Arterial Walls under Supraphysiological Loading

This research project deals with the analysis and the modeling of traumatic degenerations of overstretched arterial walls that occur in therapeutical interventions. The data base for the qualitative and quantitative description of arterial tissues is obtained from biaxial extension tests performed on the tissue components of individual arterial layers loaded far beyond the physiological domain. Such tests enable the analysis of the macroscopic mechanical response of the tissues. In addition, structural analysis techniques such as Fourier transfer infrared spectroscopy and scanning electron microscopy are used to study damage on the smaller length scale. The macroscopic response of the fiber-reinforced tissues is described by a formulation based on micro-mechanical models characterizing the individual tissue components. These models take into account alterations of stochastic distributions of fiber properties as a consequence of the tissue overstretch. In order to obtain a quantitative prediction of the material response the model parameters are adjusted to the performed experiments based on leastsquare minimization. Finally, we validate the models by comparing finite element calculations with experiments performed on whole arterial wall segments.

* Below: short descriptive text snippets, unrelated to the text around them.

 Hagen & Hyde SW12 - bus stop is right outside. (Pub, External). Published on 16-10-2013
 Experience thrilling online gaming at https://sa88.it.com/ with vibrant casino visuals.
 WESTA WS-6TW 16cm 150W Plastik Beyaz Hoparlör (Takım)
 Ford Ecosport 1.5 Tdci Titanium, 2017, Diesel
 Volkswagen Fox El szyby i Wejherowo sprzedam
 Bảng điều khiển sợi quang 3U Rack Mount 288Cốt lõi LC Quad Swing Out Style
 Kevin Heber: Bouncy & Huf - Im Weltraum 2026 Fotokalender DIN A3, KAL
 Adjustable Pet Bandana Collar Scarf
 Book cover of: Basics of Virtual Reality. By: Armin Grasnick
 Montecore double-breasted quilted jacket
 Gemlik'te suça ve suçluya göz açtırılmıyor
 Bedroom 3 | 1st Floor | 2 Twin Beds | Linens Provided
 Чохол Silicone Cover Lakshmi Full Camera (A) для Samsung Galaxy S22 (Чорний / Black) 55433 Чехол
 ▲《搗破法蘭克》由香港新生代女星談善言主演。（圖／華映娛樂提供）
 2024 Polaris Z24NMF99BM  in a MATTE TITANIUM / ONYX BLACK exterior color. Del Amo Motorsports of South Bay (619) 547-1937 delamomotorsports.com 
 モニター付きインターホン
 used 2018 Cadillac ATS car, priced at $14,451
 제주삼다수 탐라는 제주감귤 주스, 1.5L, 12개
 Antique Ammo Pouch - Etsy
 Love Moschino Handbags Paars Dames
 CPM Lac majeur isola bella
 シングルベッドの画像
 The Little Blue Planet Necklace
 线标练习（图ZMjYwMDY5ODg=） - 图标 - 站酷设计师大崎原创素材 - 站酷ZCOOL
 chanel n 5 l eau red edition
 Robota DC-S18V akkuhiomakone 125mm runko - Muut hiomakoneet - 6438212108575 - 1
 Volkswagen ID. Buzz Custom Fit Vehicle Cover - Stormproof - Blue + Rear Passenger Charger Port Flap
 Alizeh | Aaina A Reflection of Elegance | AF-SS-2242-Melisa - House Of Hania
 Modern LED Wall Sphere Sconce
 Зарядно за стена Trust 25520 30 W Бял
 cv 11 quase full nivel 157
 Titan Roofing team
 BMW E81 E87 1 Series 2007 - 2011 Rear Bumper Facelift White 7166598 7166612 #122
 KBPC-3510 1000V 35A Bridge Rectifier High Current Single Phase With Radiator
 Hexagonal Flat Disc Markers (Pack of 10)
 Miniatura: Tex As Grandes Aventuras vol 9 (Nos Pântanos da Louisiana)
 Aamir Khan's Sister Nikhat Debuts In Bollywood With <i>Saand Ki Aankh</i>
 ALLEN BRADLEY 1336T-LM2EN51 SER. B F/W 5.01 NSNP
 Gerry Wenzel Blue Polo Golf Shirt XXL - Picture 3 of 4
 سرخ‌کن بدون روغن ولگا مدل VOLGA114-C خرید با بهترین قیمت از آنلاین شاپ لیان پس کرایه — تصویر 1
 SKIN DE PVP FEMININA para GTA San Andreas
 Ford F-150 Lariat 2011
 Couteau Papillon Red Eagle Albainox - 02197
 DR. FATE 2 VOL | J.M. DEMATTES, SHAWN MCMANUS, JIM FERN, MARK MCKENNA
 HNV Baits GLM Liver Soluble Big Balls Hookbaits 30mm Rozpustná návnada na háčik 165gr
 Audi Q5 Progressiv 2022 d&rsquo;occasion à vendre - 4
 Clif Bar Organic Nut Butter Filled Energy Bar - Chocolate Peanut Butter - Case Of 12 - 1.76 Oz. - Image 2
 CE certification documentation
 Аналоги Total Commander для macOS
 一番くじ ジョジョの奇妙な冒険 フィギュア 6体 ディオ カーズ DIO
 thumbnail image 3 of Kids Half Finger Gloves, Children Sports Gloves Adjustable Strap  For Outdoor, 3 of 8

This research project dealt with the analysis and modeling of traumatic degenerations of overstretched arterial walls that occur in therapeutical interventions. For example, clinical interventions such as balloon angioplasty are performed to treat atherosclerotic degeneration which result in luminal narrowing. This invasive procedure involves the inflation of a catheter with the aim to increase the lumen dimensions by pushing the obstructing plaque into the vessel wall. Naturally, for this procedure a much higher pressure than the physiological blood pressure is required, and this causes microscopic-level tissue damage and results in stress-softening of the collagenous tissue.A database for the qualitative and quantitative description of arterial tissues was obtained from uniaxial and biaxial extension tests performed on the tissue components of individual arterial layers loaded far beyond the physiological domain. Towards this end cyclic tension-tests were carried out on healthy as well as on collagenase and elastase treated arterial tissues to investigate the component-specific stress softening behavior. Such tests enable the analysis of the macroscopic mechanical tissue response. In addition, structural analysis techniques such as Fourier transform infrared spectroscopy, scanning electron microscopy and nano-tomography were used to study damage at the microscopic length scale, with a special focus on damage induced changes in the interfibrillar collagen distances and the angular proteoglycan distributions.The macroscopic response of the fiber-reinforced tissues was described by a formulation based on micro-mechanical models characterizing the individual tissue components. These models take into account the alterations of stochastic distributions of fiber properties as a consequence of the tissue overstretch. In order to obtain a quantitative prediction of the material response, the model parameters were adjusted so as to fit data from the performed experiments based on least-squares minimization.Finally, the models were validated by comparing finite element calculations with experiments performed on whole arterial wall segments.